> _Exercise objective_
Copy out the whole listing exactly as written, leaving the pictures behind.

> _Data block_
"""

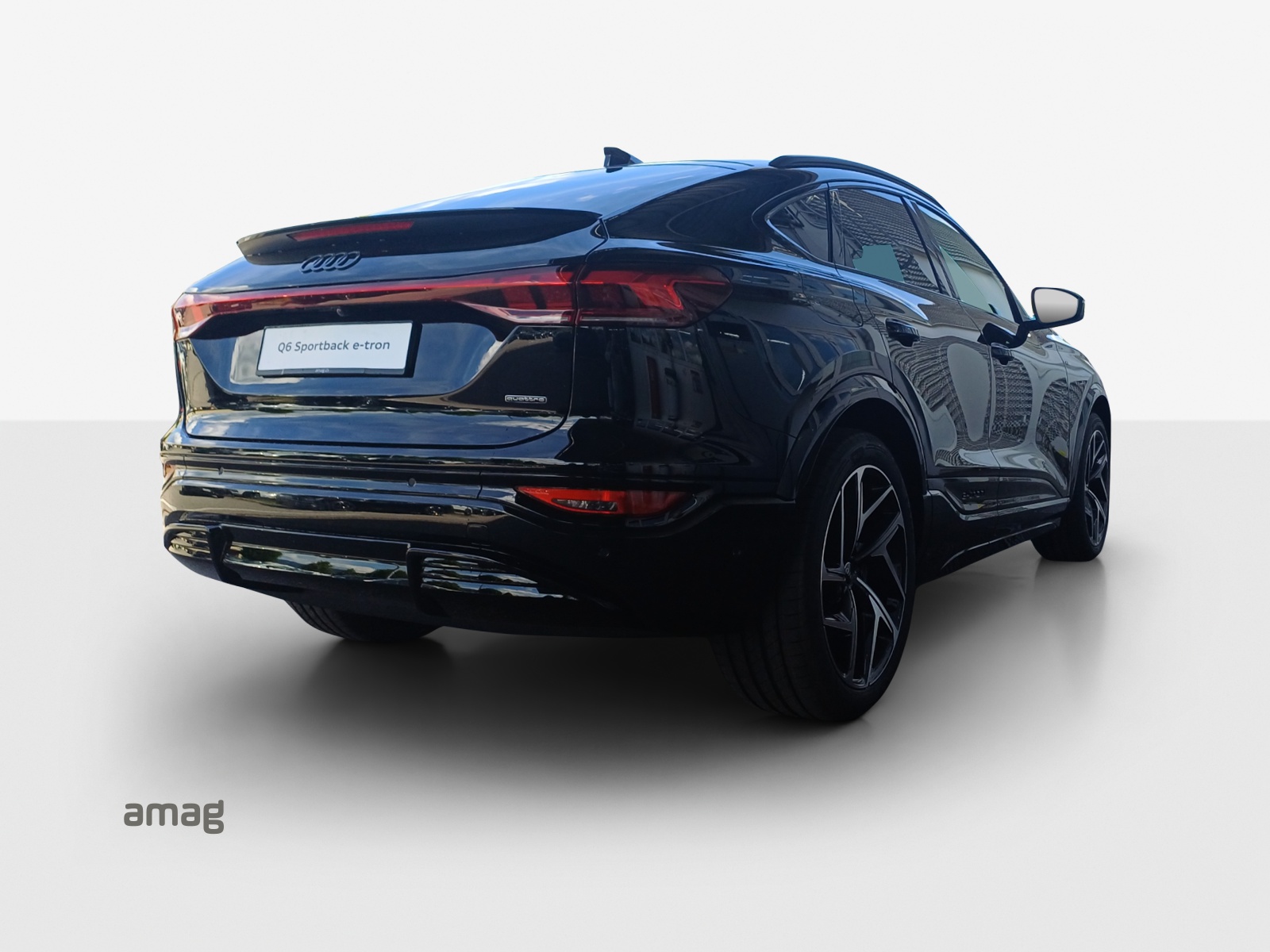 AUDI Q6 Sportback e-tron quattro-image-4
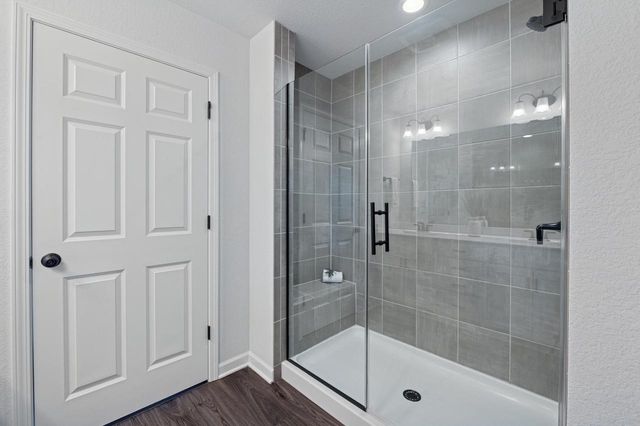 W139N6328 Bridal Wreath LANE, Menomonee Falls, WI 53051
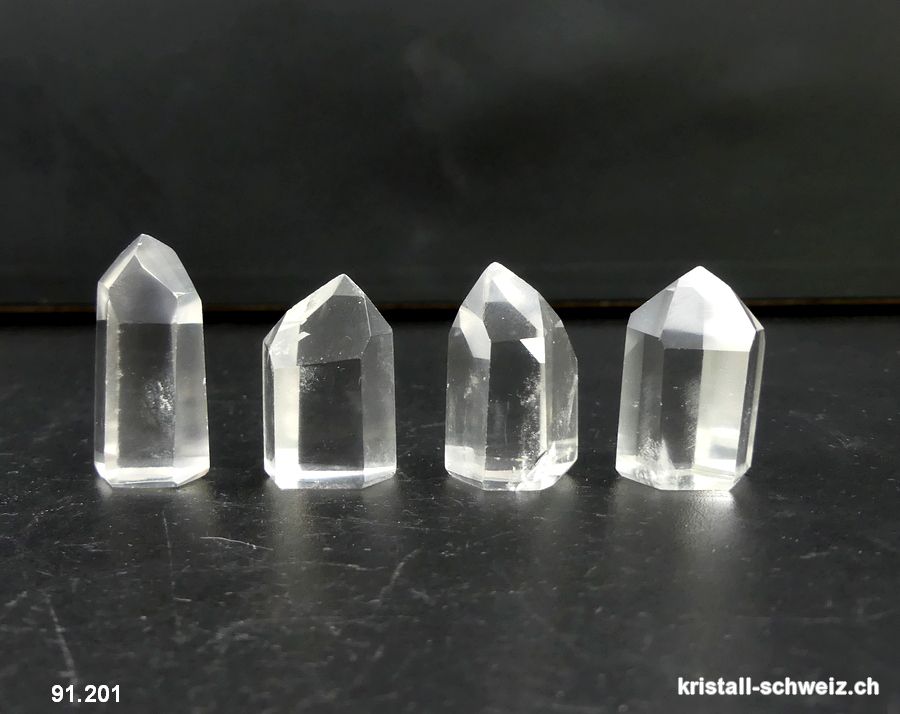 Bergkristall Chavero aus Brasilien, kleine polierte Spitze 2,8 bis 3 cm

"""

> _Task solution_
 AUDI Q6 Sportback e-tron quattro-image-4
 W139N6328 Bridal Wreath LANE, Menomonee Falls, WI 53051
 Bergkristall Chavero aus Brasilien, kleine polierte Spitze 2,8 bis 3 cm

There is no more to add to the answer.